How to Achieve Happiness

The body-mind connection

As Gilbert (2009) points out the pursuit of happiness, justice and meaning is much a part of us today as it was centuries ago. It is inherent to your human condition. 

We may see happiness as something unattainable, unrealistic, transitory, external or as a single entity. 

However, happiness seems to be much more than a psycho-emotional construct or a fleeting state of being or feeling. Happiness can be built in our physical body as well as in your spiritual matter and yes, it can last if we firmly resolve to create happiness regardless where we are right now.

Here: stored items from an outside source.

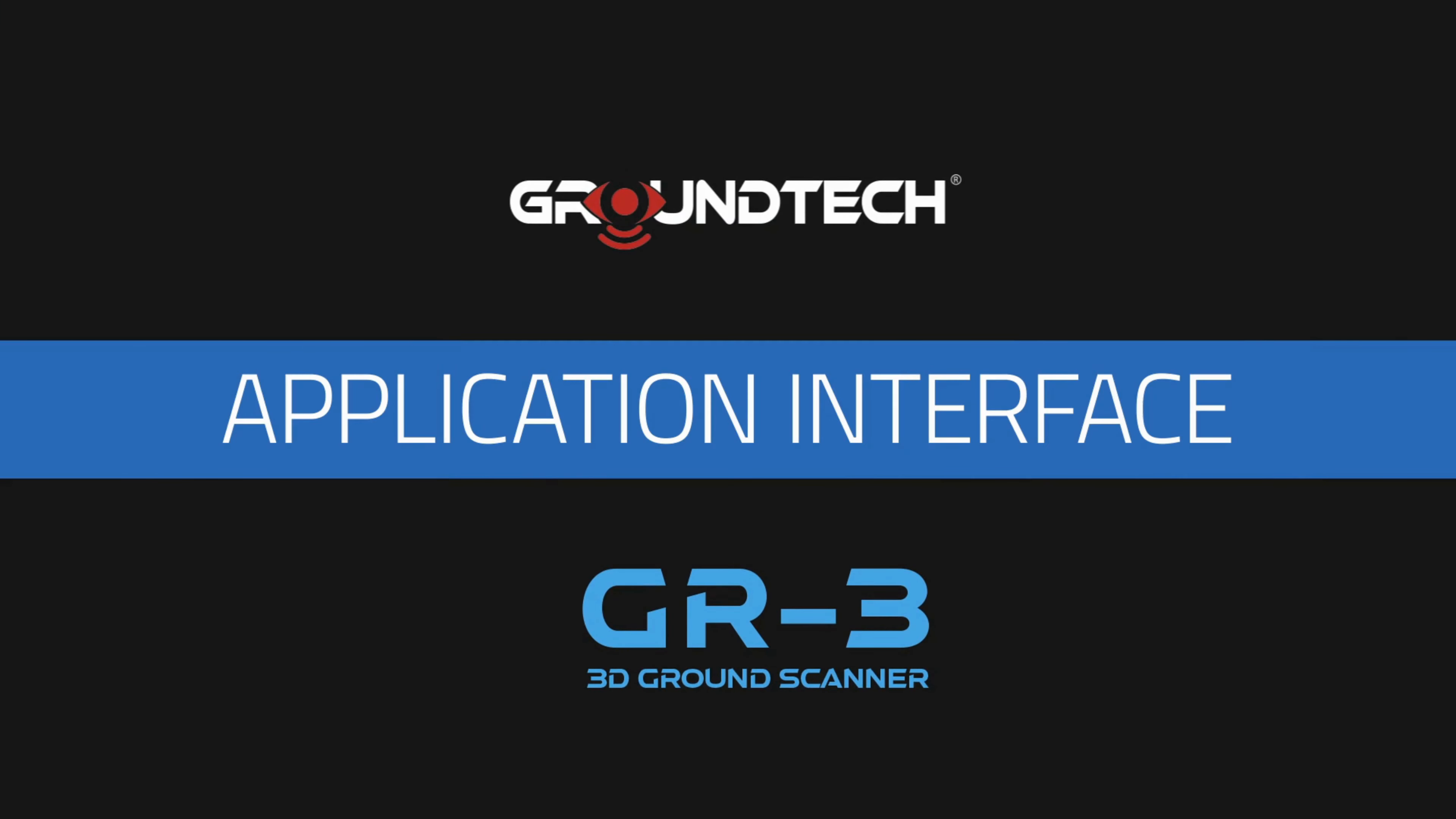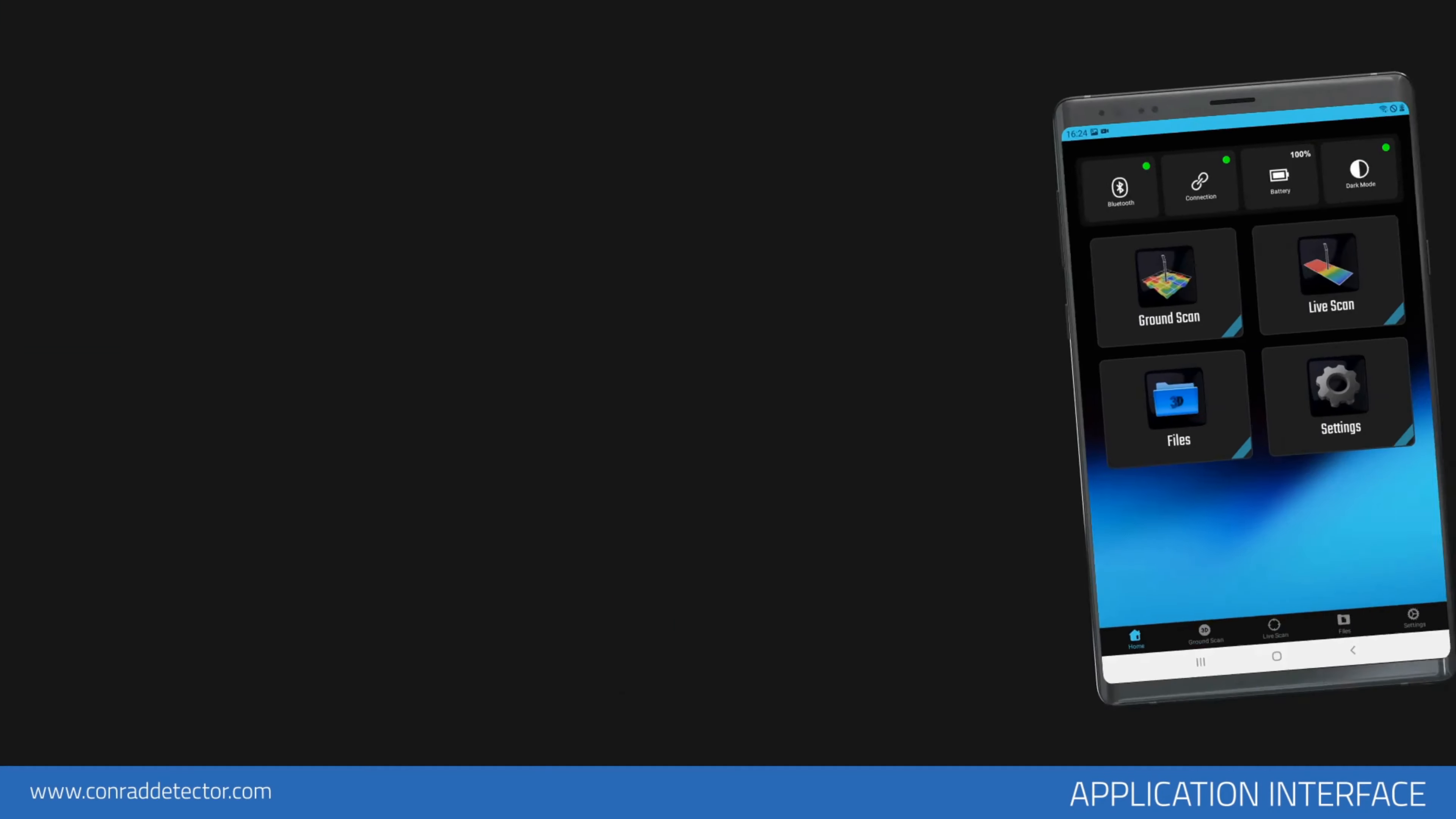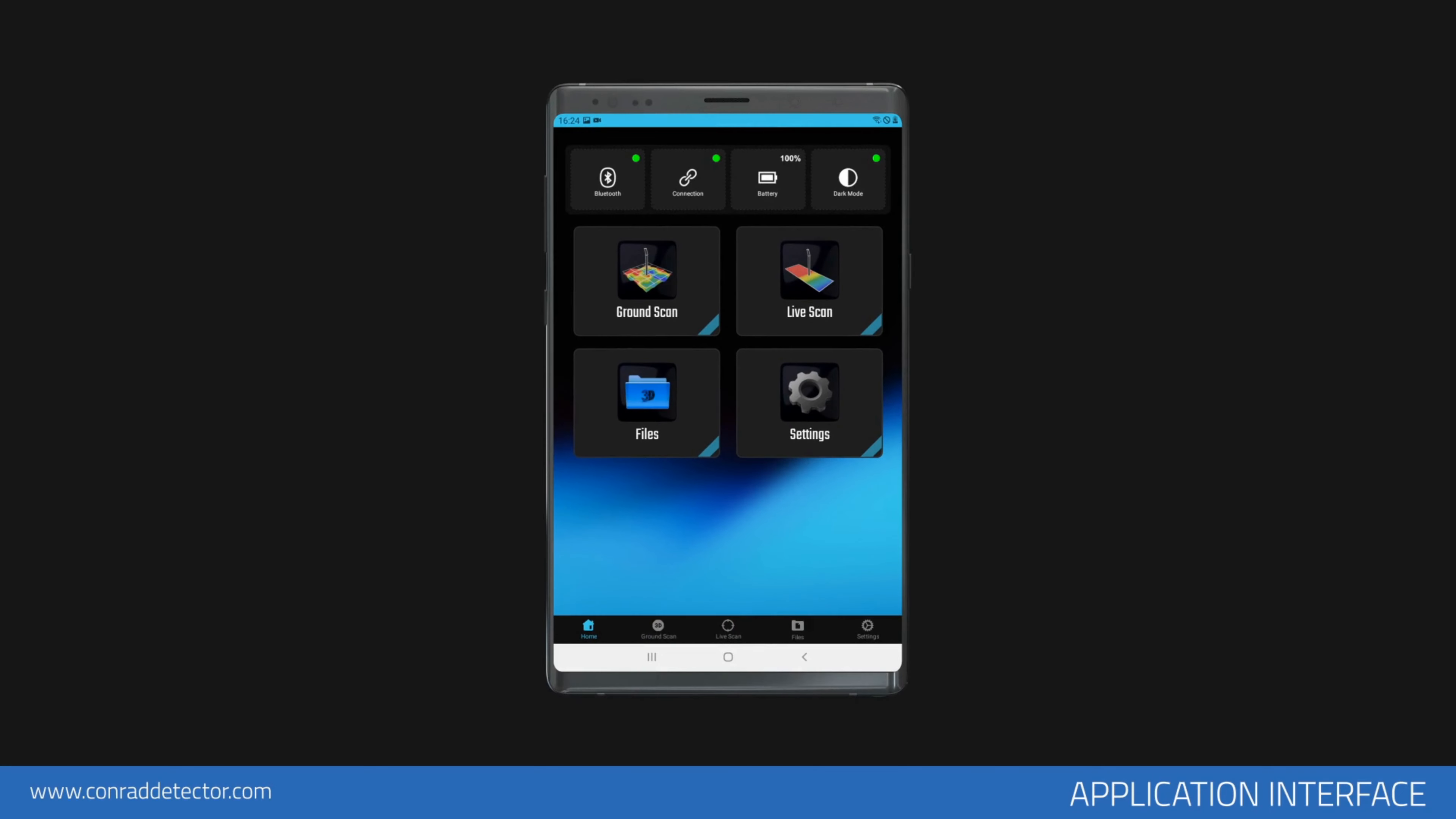On the main page of the application interface, there are icons in the middle and bottom bar. These include scanning modes such as 3D ground scan and live scan, and the icon that allows you to open recorded files.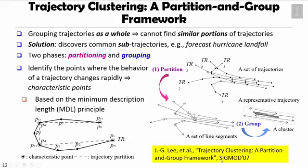This is an interesting algorithm published in SIGMOD 2007 called the Trajectory Clustering Partition and Group Framework.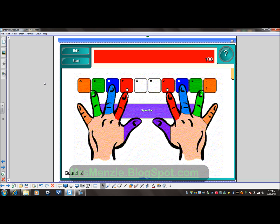Thank you very much for your time. I hope this was very helpful. Again, this is Trina Menzi from mrsmenzi.blogspot.com. Email with questions and I'd be happy to help you out. Have a great day.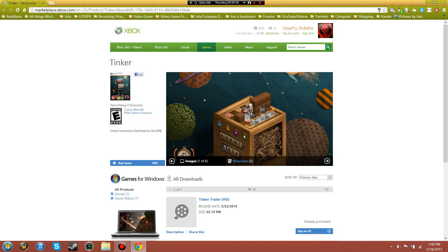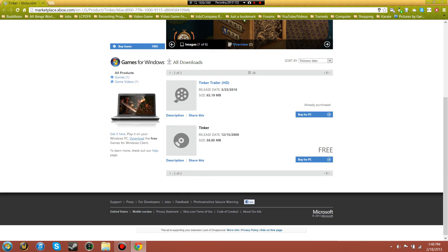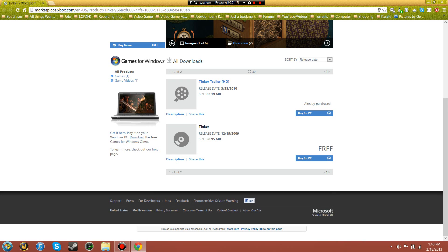For some reason, when you download Tinker from Xbox it'll fix it. I don't know why. So for those of you who do have an issue connecting to Games for Windows Live, try this out — it might actually work and it might not. It's not a guarantee because it might be something else, but this worked for me.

Happiness exists within ourselves

Happiness, in fact, exists within ourselves and nowhere else. 

From a psychological and spiritual point of view, happiness rests on establishing a strong sense of self and personal fulfillment (Ikeda, 2015), rooted in compassion that can enhance our social relationships and ultimately the relationship with ourselves (Gilbert, 2009). 

From a physiological point of view, the trillions of microorganisms that live in and on us, particularly the microbes in our gut communicate with the brain via the immune system, vagus nerve and enteric nervous system (Cryan et al. 2019) – the microbiota-brain-axis connection.

The microbiota-brain-axis connection or the gut-to-brain/brain-to-gut connection is a bidirectional communication system that can have psychological and cognitive effects and be implicated in conditions such as pain, stress, irritable bowel syndrome (IBS), addiction, obesity, autism, anxiety, Alzheimer’s and Parkinson’s disease (Cryan et al.2019). Additionally, the role of the microbes in the gut in producing neurotransmitters that are involved in mood, behaviour and cognition is also well established within research (Mittal et al.2017).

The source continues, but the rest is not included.